[Entries provided]:

=== Section Start ===

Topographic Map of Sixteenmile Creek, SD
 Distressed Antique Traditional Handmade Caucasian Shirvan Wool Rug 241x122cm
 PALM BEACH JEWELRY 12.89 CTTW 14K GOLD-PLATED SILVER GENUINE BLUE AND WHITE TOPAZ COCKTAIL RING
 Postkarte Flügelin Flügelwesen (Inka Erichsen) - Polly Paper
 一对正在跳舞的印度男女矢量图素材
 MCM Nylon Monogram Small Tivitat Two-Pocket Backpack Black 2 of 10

=== Section End ===
=== Section Start ===

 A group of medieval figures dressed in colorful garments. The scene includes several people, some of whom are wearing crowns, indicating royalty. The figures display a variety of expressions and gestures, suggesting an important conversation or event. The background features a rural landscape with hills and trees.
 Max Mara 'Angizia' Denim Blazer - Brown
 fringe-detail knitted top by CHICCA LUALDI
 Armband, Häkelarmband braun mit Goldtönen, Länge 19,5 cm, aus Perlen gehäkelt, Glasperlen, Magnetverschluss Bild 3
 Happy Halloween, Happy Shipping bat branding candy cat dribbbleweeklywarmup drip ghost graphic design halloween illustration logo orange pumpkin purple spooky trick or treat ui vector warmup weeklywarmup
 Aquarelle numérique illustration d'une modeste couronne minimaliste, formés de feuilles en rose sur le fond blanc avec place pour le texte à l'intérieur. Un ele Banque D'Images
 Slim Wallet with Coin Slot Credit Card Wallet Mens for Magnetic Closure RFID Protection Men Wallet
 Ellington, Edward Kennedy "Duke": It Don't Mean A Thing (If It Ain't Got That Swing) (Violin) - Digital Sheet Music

=== Section End ===
=== Section Start ===

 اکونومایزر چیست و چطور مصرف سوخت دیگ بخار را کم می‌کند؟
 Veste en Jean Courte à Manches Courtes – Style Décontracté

=== Section End ===

[Exercise brief]:
Check each line of the entries for "illustration" and copy those that have it.

[Answer box]:
 Happy Halloween, Happy Shipping bat branding candy cat dribbbleweeklywarmup drip ghost graphic design halloween illustration logo orange pumpkin purple spooky trick or treat ui vector warmup weeklywarmup
 Aquarelle numérique illustration d'une modeste couronne minimaliste, formés de feuilles en rose sur le fond blanc avec place pour le texte à l'intérieur. Un ele Banque D'Images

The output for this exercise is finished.